仕事って、タスクが決まってからは個人でもできます。でもまだタスクが決まっていなかったり、そもそも何をするかも決まってないくらいの(創業から間もない、若い)チームだけを集めてるので、会話のスペースを多めにしています。自分たち(ANRIメンバー)のオフィススペースとの間にも、壁を作りませんでした。(佐俣氏)

また、投資先スタートアップに限らず、ANRIが接点を持つスタートアップの入居や、メンターとして起業家・スタートアップ支援者の招致も進めて、オフィス内でのリアルイベントなども計画しているという。

ANRIはこれまでにも渋谷に「Good Morning Building by anri(GMB)」、本郷に「Nest Hongo」という名称でそれぞれインキュベーション施設を運営してきた。これらの機能をCIRCLEに集約し、リアルでのコミュニケーションを強化している。ちなみにANRIのメンバーは、「基本出社」をルールとしている。

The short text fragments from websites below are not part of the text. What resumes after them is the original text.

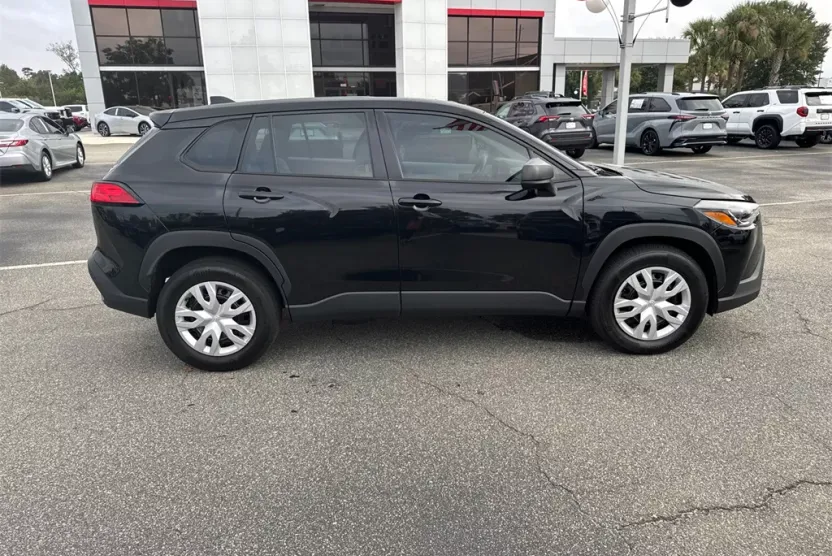 2024 Toyota Corolla Cross L photo 1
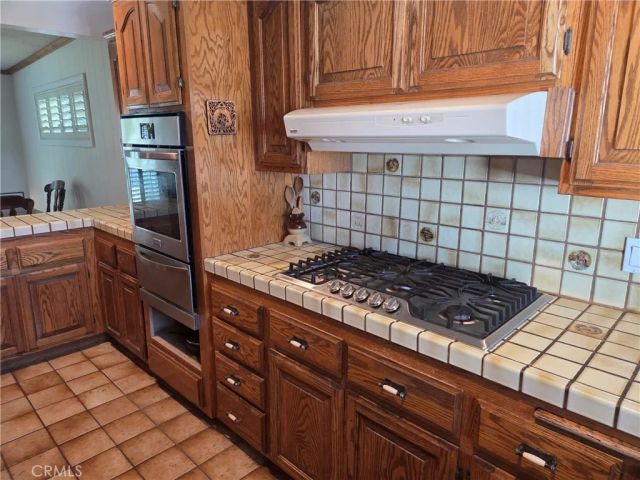 20450 Bassett Street, Winnetka, CA 91306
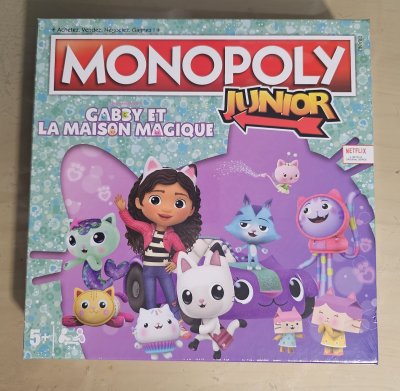 WINNING MOVES Jeu classique  Monopoly Junior Gabby et la Maison Magique 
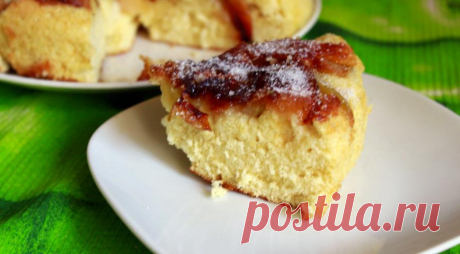 Яблочный пирог-перевёртыш в мультиварке.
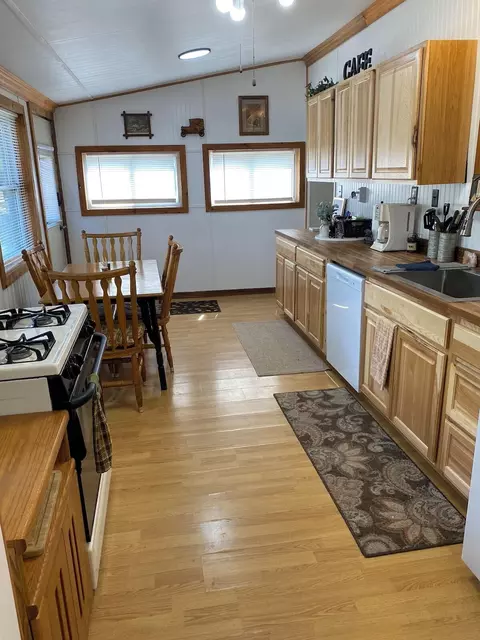 Kitchen - 2264 Ryno Rd, Luzerne, MI 48636 photo 3 of 4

投資家が(投資先の成長を人事や広報などで支援する、いわゆる「グロースチーム」のように)いろんな機能を強化するのはすてきですが、僕はそこに情熱がありません。むしろスタートアップの方が先に進化することもあります。

ならばこの場所を大きくしていくことにこそ意味があると思います。創業期の不確実性が高いところを、心穏やかに挑戦してもらうことが大事です。起業は心が折れることもあります。そんなときに同期や仲間がいるのは強いと思っています。(佐俣氏)

3000万円出資、インキュベーションオフィス入居の投資プログラムも実施

またCIRCLEの開設に合わせて、ANRIはプログラム形式でのスタートアップ投資も実施する。プログラム名は「ANRI VORTEX」。第1期として、最大5社のスタートアップを採択する予定で、採択企業には(1)3000万円の出資(条件はJ-KISS、ポストバリュエーションキャップ3億円、ディスカウント無し)、(2)CIRCLEへの入居、(3)他の投資先企業とのネットワーキング、(4)ANRIのベンチャーキャピタリストによる支援──の4点が提供される。

応募対象の事業領域は不問。構想段階もしくはシード期、エクイティ調達未実施(エンジェル投資は可、エクイティ調達済みの場合は応相談)のスタートアップを対象とするが、学生の応募も可としている。書類応募は3月17日まで、特設サイトから応募できる。